#### [RECORDED INFORMATION]
----

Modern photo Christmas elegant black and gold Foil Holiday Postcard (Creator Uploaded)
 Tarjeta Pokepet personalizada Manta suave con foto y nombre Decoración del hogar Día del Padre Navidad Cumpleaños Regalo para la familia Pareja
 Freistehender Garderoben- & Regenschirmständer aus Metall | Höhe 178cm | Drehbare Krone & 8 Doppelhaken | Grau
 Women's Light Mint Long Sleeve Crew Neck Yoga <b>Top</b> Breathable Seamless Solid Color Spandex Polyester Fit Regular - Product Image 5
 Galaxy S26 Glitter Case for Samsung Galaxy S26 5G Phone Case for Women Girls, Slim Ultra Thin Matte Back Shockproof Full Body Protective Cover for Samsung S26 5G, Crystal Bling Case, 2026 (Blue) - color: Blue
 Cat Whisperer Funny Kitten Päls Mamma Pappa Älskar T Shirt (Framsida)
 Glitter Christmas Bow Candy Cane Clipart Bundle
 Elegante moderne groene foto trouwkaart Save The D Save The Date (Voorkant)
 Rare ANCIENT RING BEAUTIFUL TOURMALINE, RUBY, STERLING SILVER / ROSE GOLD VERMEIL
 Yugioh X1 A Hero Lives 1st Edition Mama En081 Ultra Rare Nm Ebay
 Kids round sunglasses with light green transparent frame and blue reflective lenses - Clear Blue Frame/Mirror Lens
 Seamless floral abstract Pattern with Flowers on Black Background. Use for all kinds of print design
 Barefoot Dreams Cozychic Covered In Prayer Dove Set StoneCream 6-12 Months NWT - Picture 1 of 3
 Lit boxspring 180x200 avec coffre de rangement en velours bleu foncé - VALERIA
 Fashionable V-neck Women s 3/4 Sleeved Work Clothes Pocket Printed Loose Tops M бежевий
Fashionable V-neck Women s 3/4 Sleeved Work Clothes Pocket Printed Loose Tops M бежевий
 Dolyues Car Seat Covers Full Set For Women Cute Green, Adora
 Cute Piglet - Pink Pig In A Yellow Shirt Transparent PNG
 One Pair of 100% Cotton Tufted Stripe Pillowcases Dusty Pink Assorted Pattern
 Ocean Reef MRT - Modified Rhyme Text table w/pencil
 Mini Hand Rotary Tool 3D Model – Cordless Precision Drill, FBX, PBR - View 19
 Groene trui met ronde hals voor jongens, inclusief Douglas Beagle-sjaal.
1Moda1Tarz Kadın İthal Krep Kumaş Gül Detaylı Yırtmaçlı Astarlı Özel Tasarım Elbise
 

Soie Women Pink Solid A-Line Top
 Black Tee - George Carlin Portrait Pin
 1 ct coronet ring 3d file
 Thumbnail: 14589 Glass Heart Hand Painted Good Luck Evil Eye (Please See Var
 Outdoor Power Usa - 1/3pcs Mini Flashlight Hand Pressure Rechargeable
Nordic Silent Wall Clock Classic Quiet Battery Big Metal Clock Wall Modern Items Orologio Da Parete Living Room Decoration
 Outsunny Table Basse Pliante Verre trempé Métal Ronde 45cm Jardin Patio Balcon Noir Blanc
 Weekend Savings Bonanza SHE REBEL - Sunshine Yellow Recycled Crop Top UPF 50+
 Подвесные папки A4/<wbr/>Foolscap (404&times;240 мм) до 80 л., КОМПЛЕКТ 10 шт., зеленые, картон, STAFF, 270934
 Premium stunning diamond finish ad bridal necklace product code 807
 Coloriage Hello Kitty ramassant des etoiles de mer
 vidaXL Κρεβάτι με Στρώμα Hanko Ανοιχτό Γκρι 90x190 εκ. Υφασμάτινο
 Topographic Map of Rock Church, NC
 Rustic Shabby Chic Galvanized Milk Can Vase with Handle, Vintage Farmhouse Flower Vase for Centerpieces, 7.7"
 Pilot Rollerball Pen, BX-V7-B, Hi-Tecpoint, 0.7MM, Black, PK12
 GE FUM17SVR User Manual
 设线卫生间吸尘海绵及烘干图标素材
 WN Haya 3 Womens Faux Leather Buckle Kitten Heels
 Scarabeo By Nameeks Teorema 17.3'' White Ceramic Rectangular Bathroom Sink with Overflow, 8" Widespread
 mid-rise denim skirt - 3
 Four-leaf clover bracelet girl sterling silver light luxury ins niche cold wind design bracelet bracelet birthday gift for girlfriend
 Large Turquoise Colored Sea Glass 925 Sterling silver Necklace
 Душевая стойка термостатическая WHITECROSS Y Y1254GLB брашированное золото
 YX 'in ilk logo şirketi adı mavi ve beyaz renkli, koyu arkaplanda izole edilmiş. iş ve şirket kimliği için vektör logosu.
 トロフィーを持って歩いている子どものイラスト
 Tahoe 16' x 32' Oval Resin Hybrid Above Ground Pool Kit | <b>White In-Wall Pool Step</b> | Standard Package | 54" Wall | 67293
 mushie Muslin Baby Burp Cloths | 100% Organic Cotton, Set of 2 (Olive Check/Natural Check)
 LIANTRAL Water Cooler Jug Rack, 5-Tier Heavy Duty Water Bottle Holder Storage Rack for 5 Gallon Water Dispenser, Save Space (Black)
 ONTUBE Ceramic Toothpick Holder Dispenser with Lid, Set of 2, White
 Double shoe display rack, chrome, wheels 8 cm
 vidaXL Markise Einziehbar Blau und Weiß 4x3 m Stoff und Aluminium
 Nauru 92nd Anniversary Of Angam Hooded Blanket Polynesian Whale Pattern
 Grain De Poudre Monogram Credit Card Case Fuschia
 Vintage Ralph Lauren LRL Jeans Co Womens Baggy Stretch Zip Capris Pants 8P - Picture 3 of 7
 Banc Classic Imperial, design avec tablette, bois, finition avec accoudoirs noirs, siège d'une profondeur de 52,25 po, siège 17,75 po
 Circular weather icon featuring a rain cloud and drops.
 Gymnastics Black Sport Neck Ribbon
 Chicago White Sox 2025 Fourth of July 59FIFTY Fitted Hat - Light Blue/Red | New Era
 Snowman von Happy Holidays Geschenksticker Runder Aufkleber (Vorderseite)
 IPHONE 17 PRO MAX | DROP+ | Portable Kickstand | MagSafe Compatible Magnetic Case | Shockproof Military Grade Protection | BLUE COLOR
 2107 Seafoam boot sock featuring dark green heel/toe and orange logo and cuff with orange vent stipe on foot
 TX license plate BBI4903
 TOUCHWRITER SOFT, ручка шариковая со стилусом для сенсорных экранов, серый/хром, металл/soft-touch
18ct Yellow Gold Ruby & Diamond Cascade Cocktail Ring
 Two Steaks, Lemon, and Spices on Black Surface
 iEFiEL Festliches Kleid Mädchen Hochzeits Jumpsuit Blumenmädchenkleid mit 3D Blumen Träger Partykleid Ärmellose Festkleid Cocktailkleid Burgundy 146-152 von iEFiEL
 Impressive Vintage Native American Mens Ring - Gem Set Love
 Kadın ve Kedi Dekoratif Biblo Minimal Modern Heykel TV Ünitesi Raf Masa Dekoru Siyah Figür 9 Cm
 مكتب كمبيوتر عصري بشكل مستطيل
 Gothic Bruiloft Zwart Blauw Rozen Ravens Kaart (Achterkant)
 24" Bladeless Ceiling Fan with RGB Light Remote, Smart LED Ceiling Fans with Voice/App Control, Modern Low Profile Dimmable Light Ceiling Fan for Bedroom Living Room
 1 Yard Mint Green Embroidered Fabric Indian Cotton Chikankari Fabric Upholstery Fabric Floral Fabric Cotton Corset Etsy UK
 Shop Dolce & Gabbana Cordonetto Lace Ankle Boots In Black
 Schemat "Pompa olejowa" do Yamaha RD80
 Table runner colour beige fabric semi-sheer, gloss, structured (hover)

----

#### [REQUIRED ACTION]
Once the line containing "1 Yard Mint" is found in the listing above, set down that line and every line after it, exactly.

#### [ANSWER BOX]
 1 Yard Mint Green Embroidered Fabric Indian Cotton Chikankari Fabric Upholstery Fabric Floral Fabric Cotton Corset Etsy UK
 Shop Dolce & Gabbana Cordonetto Lace Ankle Boots In Black
 Schemat "Pompa olejowa" do Yamaha RD80
 Table runner colour beige fabric semi-sheer, gloss, structured (hover)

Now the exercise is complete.